Hay una constante en la poesía, que los poetas de verdad siguen. Los poemas los marca el corazón, no se rigen por esquemas previos, como esos narradores que hacen esquemas, guiones y estructuras previas a la prosa, desnaturalizando la ficción que, por ser tal, ha de parecer vivida.
Los poetas no tienen ese prejuicio, pues su arte, mas cercano a lo oral que a la fábrica de la escritura, suele desbordarse y trascender al propio creador, quien, a lo sumo, a posteriori, llega a poner diques, orden, capítulos o títulos a los poemas. La poesía de verdad es como un río que atropella los márgenes, claro que a veces puede contener cieno y falta de perlas pulidas, pero merece aceptarse el riesgo de la conmoción, pues sin ella no hay poesía sino pose, maleza estéril, vacía, peor que la maleza sin más, desarreglada.
Como en el Canzionero petrarquesco, dividido en sonetos en vida y en muerte de Laura, la amada del poeta, “Sonetos para la eternidad” alberga un primer apartado (“In vita de Josefina”) de poemas dedicados al amor, a celebrar a Fina en la convivencia y unión conyugal y familiar diaria, próximos o cumplidos los 50 años del enamoramiento y posterior vida en común, como la vida de muchos, con sus penas y alegrías, dichosamente reales.
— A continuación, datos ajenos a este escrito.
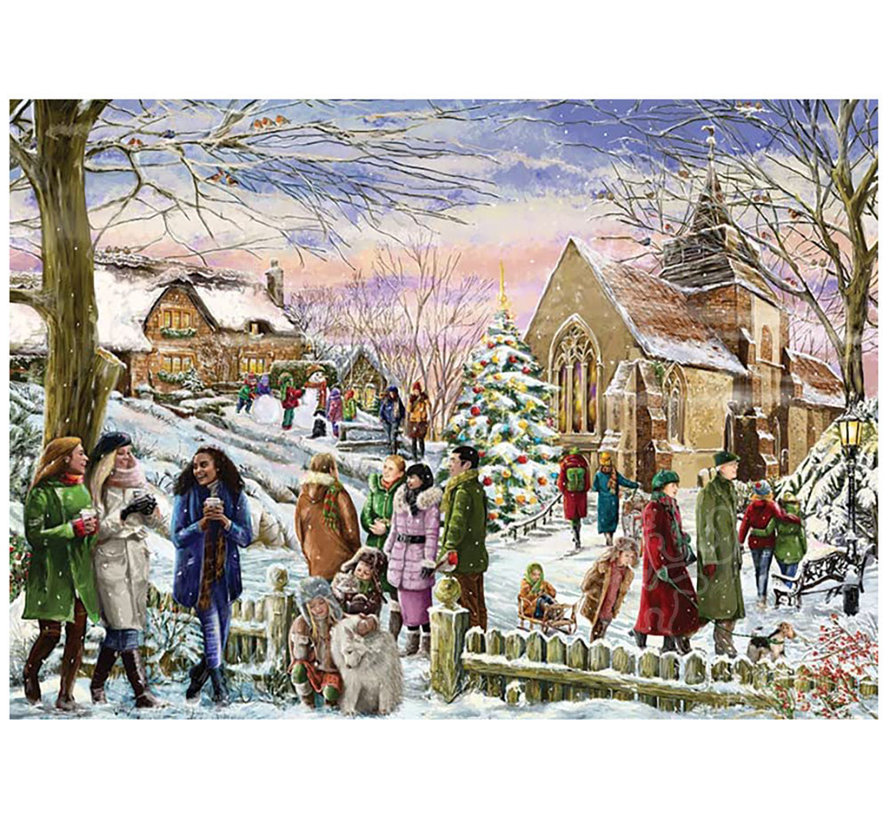 Falcon Festive Village Puzzle 1000pcs* - ORIGINAL BOX SIZE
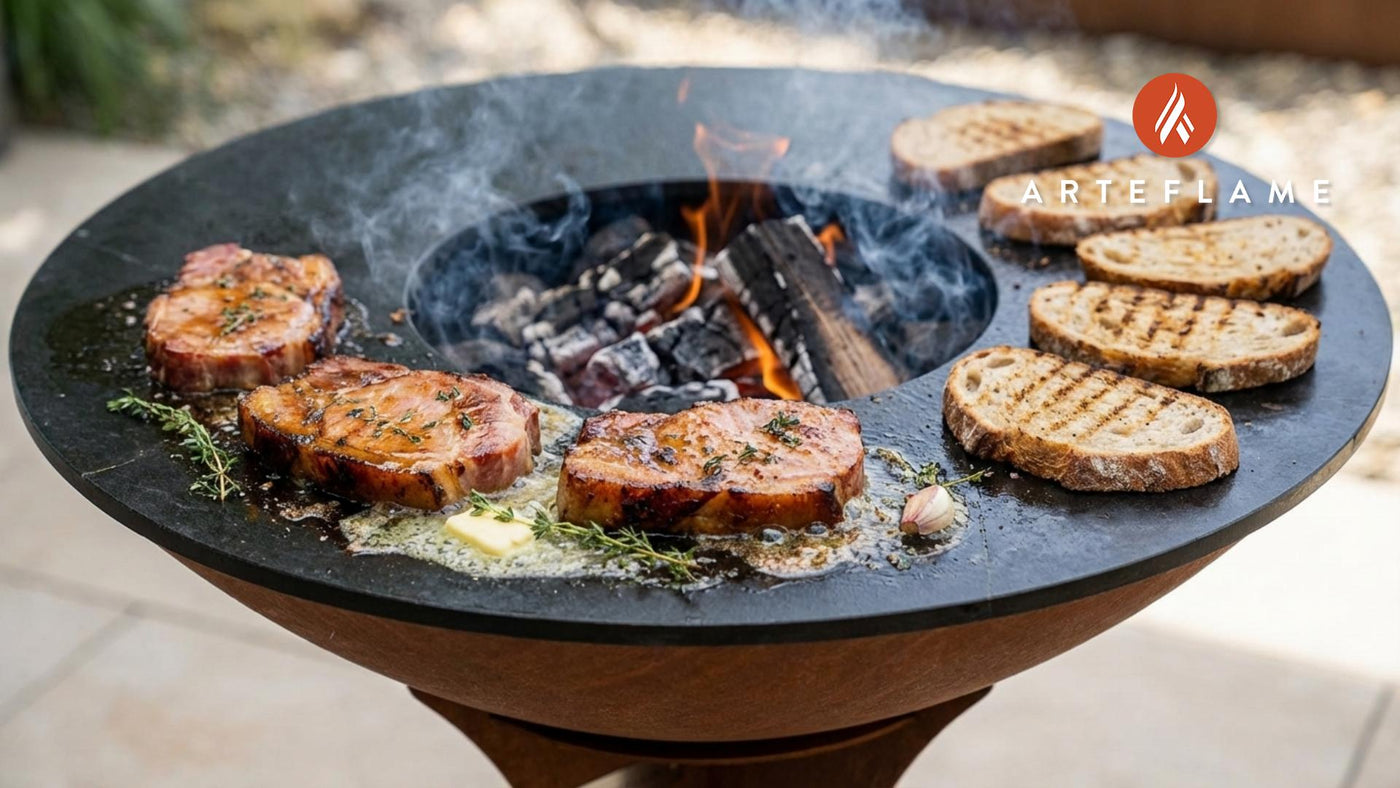 Wood-Fired Swiss Smoked Jura Mountain Ham on the Arteflame Grill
También la enfermedad grave, las penas y esperanzas que el matrimonio (el poeta, ella y los hijos) afrontan hasta una primavera fatídica en que Fina, la musa, la mujer compañera, la madre, parte de este mundo.
A partir de ese deceso, “abismo”, como le llama el poeta, comienza, sin solución de continuidad, un segundo desarrollo “post mortem de Josefina” (a partir del soneto “La piedad no existe para la muerte”). El poeta, desde luego, no necesita rotular de esta forma pedante, como nosotros hemos hecho, los dos movimientos de este libro de sonetos bendecidos con el espíritu de la mejor poesía. Petrarca, creemos nosotros, se emocionaría leyendo -él que era tan curioso de lo nuevo como erudito de los antiguos clásicos- a este discípulo suyo del siglo XX, un español morador del valle y la vega del río Segura, que tuvo el coraje de anotar a pie del dolor y a la cabecera de su musa real enferma en hospitales toda su rabia, su amor, su pasión, su pena y su fe en la poesía, hora a hora, soneto a soneto, con una devoción o conmoción que contagia a quien leyere.
Fulgencio Martínez López
* Prólogo al libro de José Martínez Gímenez Sonetos para la eternidad (Bookalia Ediciones, Murcia, 2025) que se presenta el viernes 3 de Octubre de 2025.